Did you like the documentary feel of this film? Panahi talks a lot in the special feature section of the DVD about how it was made and why the documentary "style" was important to him. One thing he said that I found very interesting was that all his movies are oriented toward public life, with a preponderance of street shots, because women cannot be filmed in domestic settings without the hijab, even if they are alone in the house with their family or sleeping or in some other situation where it would not be illegal for them to have their hair uncovered. Panahi refuses to film "a lie," so he reoriented himself and his cameras artistically. Similarly, the women at the game could not actually see the game, so in an effort to align himself with their point of view, the movie contained no game shots except for what the women themselves could see (on the way to the bathroom, for example, or on the TV on the street). To make this movie he had to present it to the Iranian film authorities as something other than what it was. His crew submitted a fake script and the authorities did not know of his involvement in the project until very late in the day. He used a very small camera, not a 35 mm, so he would blend in at the stadium with news reporters. His film was largely made in real time. Most of the stadium shots were from the actual game, as was the celebration shot at the end, and he did not know the outcome of the film until the game was over. He also noted that the movie is the same length as a soccer game. ... Did all this work for you?
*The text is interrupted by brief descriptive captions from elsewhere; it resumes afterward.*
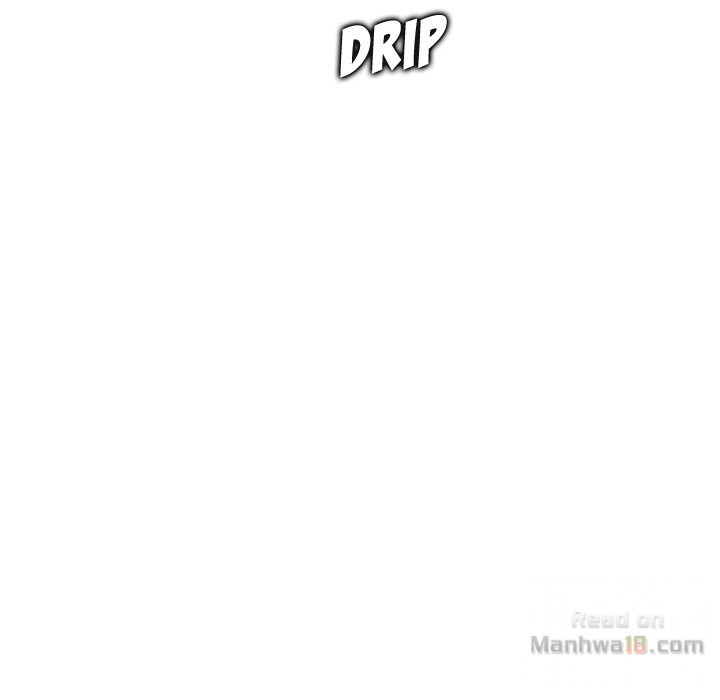 mẹ tôi là sinh viên đại học chapter 1 113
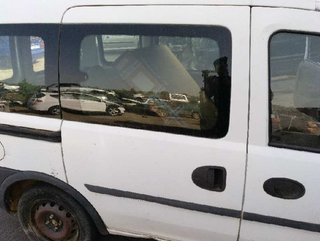 Opel 237153 mando luces 09138124 combo (corsa c)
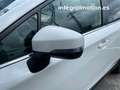 Subaru XV 2.0i Hybrid CVT Executive Plus Blanco - thumbnail 31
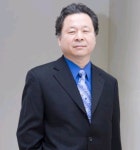 호남대 윤진섭 교수, 국제미술평론가협회 부회장 선임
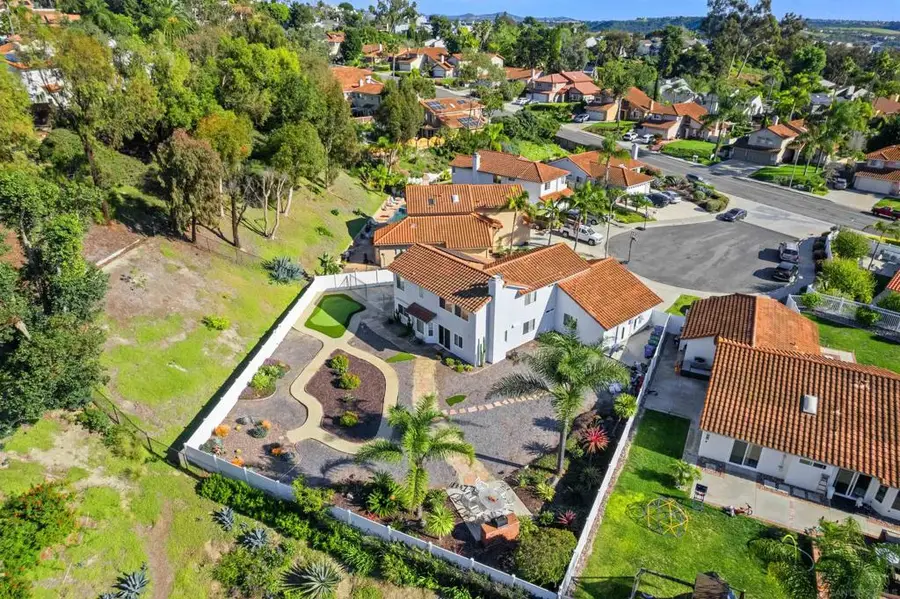 2622 Half Dome Pl, Carlsbad, CA 92010 - #3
Or would you have preferred something a little more featurey and less documentary?

5 comments:

Ben said...

The documentary feel wasn’t so bad. But I’m guessing that the restraints on filming kept him from doing multiple takes, which was unfortunate. And much of the acting was rather self-conscious and wooden and didn’t fit the documentary feel at all.

kc said...

Panahi didn't use professional actors. He talks about this extensively on the DVD extras. These were all just real people. He thought using actors would introduce an element of "falseness" that would counter the documentary feel. I think the people in the film did a fine job playing their "roles." Some of it was damn fine when you consider they had no training whatsoever but were just receiving direction on the spot from Panahi.

I think this was just inexpressibly brilliant, because he could not make an actual documentary about this issue in Iran. He could not make a documentary that appeared to be in real-time, that had that immediacy. So he told the authorities he was making a film about some young men at this soccer match, and submitted a script to the censors to that effect, then he gathered all these people off the street and in the stadium and made this! And he couldn't even release this movie in Iran. But it became wildly popular anyway, circulating through private households all over the country on blackmarket recordings.

Ben said...

He thought using actors would introduce an element of "falseness" that would counter the documentary feel.
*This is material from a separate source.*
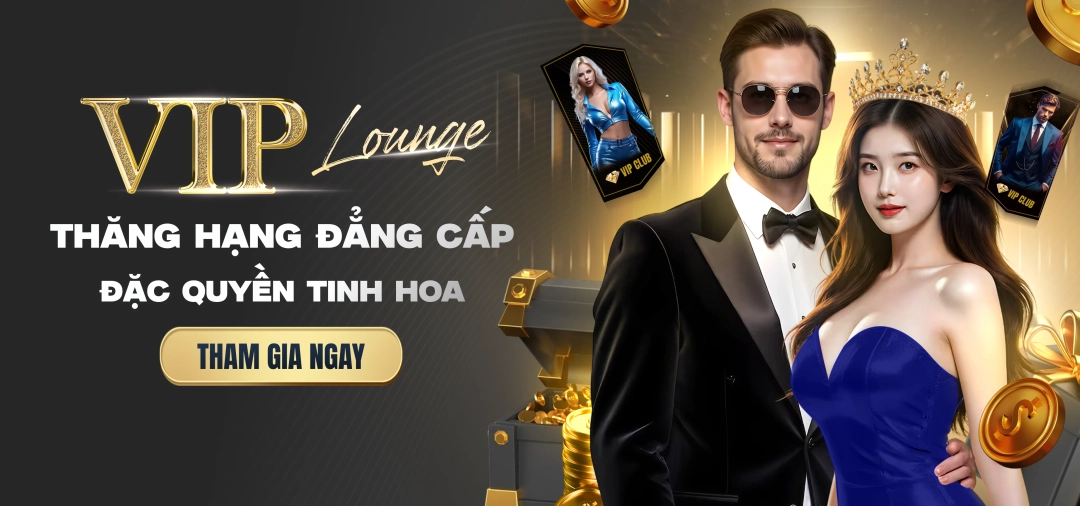 Hình ảnh quảng cáo của xibet hiển thị nền tảng và các lợi ích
Precisely the opposite is true. Non-actors trying to act gives a much greater feeling of falseness than using good actors who can be true to the characters. That's why I said the self-conscious, wooden acting didn't fit the documentary feel. Because of the poor actng, it didn't have a documentary feel, it had a bad movie feel.

cl said...

I was greatly impressed by the sense of realism in the film, and for that, the acting had to be a seamless aspect of the experience. I would have to agree with kc, and I think the best results were achieved by using real people responding in the natural way that they did.

Ben said...

I thought a couple of the actors had reactions that seemed natural, but I thought most of them did not.